Also remember to put the sound system and 'Virgen de Guadalupe' decal.


----------



## carbnjunkie (Aug 21, 2003)

*Treadheadted.*



treadheadted said:


> I forgot to add that we could tax the health system to death as well. Maybe they'll resurrect Cantiflas to be governor. Add a few billboards that indicate the opposite of the one below and we can call it home.


take it to the right forum mang.

why do you ruin a thread about riding with your rants?
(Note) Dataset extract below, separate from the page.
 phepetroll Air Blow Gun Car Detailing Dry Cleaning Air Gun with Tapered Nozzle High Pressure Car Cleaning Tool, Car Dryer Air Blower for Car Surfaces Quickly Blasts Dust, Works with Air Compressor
(your from Socal too? Do you know where our cities name came from? geez)


----------



## rzozaya1969 (Nov 28, 2004)

So, let's make 9:00 am in the parking lot of the Convento in Desierto de los Leones. I don't now about a car ride for Arivas, since he's out of my way. But let's just post who's going and who has a car, and we can go from there. Any friends out of mtbr that can come would be welcomed


----------



## rimugu (Jun 28, 2004)

*None*

None of the propossed palces fits for me, but good luck.


----------



## Warp (May 24, 2004)

rzozaya1969 said:


> Where do you live?


Cd. Juarez if I my memory serves well....


----------



## rzozaya1969 (Nov 28, 2004)

rimugu said:


> None of the propossed palces fits for me, but good luck.


Where do you live?


----------



## rimugu (Jun 28, 2004)

*Sip*



Warp2003 said:


> Cd. Juarez if I my memory serves well....
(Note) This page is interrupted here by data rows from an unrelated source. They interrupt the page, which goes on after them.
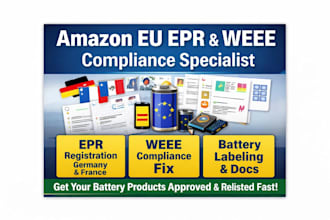 fix amazon eu epr weee compliance for battery products fast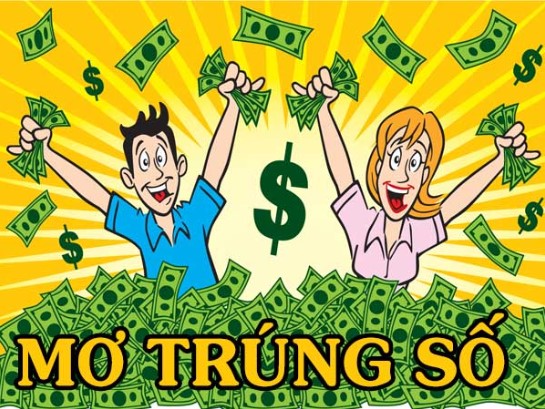 Mơ thấy người thân trúng số thường được xem là điềm lành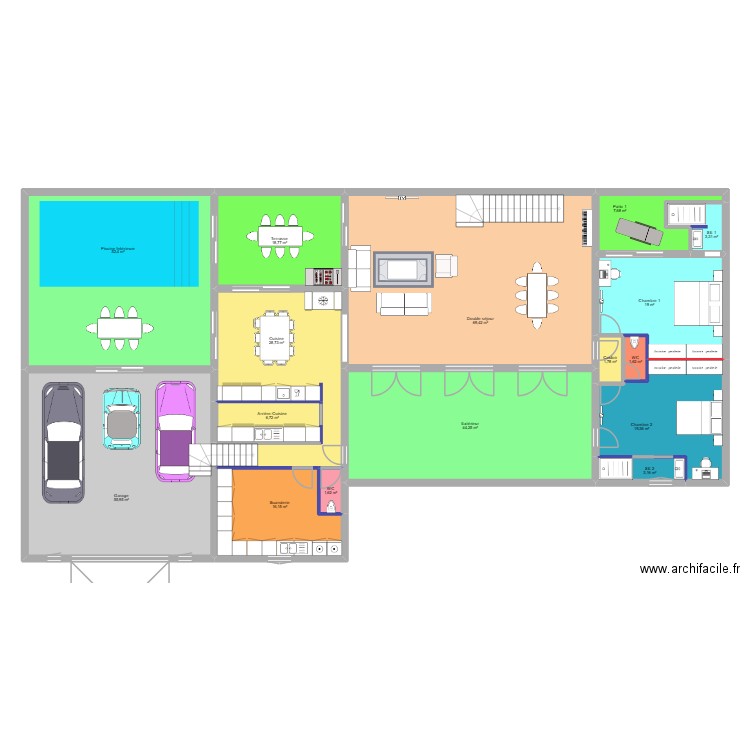 LASSEPPE PRO RDC TROP. Plan de 16 pièces et 350 m2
Your memory serves you well.


----------



## rzozaya1969 (Nov 28, 2004)

rimugu said:


> Your memory serves you well.


Well, you can always take a plane/bus  j/k, sorry, maybe in the future we can arrange a place more accesible for everyone, or with a special thing. Maybe a 2 day biking/camping trip...


----------



## Warp (May 24, 2004)

rzozaya1969 said:


> Well, you can always take a plane/bus  j/k, sorry, maybe in the future we can arrange a place more accesible for everyone, or with a special thing. Maybe a 2 day biking/camping trip...


Or we can join to the Chupacabras 100... as a TEAM RELAY!!!!


----------



## rzozaya1969 (Nov 28, 2004)

Warp2003 said:


> Or we can join to the Chupacabras 100... as a TEAM RELAY!!!!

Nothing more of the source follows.